Article 4631, Revised Civil Statutes of the State of Texas, is mandatory in the residential qualifications of the plaintiff to bring a divorce suit in the State of Texas. Ex parte Scott, (1939) 133 Tex. 1, 123 S.W.2d 306 (answers to certified questions conformed to), 126 S.W.2d 525. The residential requirements must be pleaded and proved. The District Court of Jefferson County had jurisdiction of such suit. It was authorized to grant the divorce upon pleading and proof of residence having been made as required by Article 4631, Revised Civil Statutes of the State of Texas. Upon the trial of 1948 in the District Court of Jefferson County, it will be presumed that evidence was offered supporting and complying with the residential requirements of Article 4631 as the basis for such judgment for divorce. Such court had power to determine the facts on which jurisdiction, as well as the power to grant the divorce, turned. That decision cannot be attacked collaterally. The appellant Gilliam’s motion to set aside the divorce judgment of December 16, 1948, is a collateral attack. It was not a void judgment.

The original petition of A. E. Riggs, Jr., contained the allegation:

“1. That plaintiff is now and for the last 12 months past has been an actual bonafide citizen and inhabitant of the State of Texas, and has actually and continuously resided within the County of Jefferson for a period of more than 6 months preceding the filing of this suit, and the residence of the defendant is non-resident of this county and state.”

The judgment itself of December 16, 1948, found that all material allegations of plaintiff’s petition were true.
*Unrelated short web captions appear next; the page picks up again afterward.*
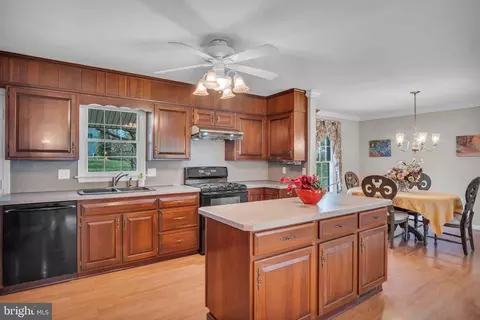 Kitchen - 1055 Beech Ave, Hershey, PA 17033 photo 1 of 2
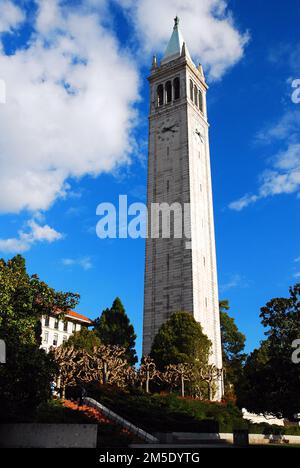 Der Sather Campanile, Glockenturm, erhebt sich auf dem Campus der University of California Berkeley, Cal, Stockfoto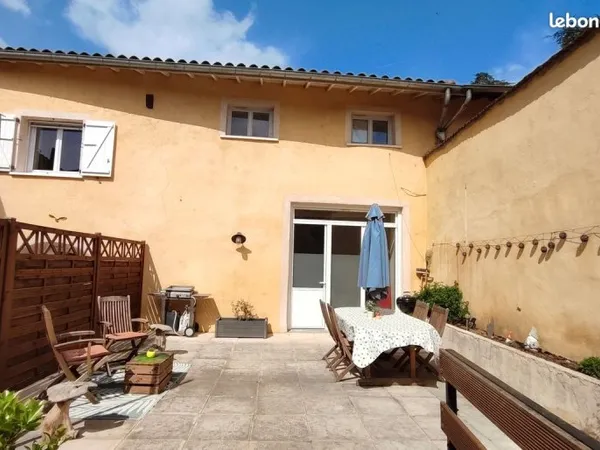 🏡 Maison de village à vendre - 99,36 m² Carrez (113,18 m² au sol)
The residential prerequisites alleged in plaintiff’s petition were found by the judgment to be true and import absolute verity as against the collateral attack on the judgment by appellant.

On the record before this court, proof on this issue of validity of the 1948 judgment is limited to the judgment and the allegations of plaintiff’s petition which the judgment found to be true. Thereby, it is conclusively established that A. E. Riggs, Jr., was a resident of the State of Texas for one year immediately preceding the filing of his petition for divorce from which it follows that the 1948 judgment is valid and subsisting. Easterline v. Bean (Tex.S.Ct. 1932), 121 Tex. 327, 49 S.W.2d 427; Pure Oil Co. v. Reece, 124 Tex. 476, 78 S.W.2d 932 (Tex.S.Ct. 1935); 34 Tex. Jur.2d 304, Sec. 325.

Appellant has shown no right in himself violated by the parties to the divorce action of which he can complain. No facts are alleged that give him a right to bring the suit. Appellant has no cause of action. In order to make a collateral attack Upon the 1948 divorce judgment, appellant must show a cause of action in himself. This he has failed to do and the trial court correctly refused to allow him to attack the judgment. Kieke v. Cox, 300 S.W.2d 309, Tex.Ciy.App. (1957); Mercantile Bank & Trust Co. v. Schuhart, (Tex.S.Ct. 1925) 115 Tex. 114, 277 S.W. 621, 624.

The foregoing established rules in Texas applying to judgments generally apply to divorce judgments with equal, if not more, force than other judgments. Public policy and public morals so demand.

Each and all of appellant’s points of error are overruled.

Judgment of the trial court is affirmed.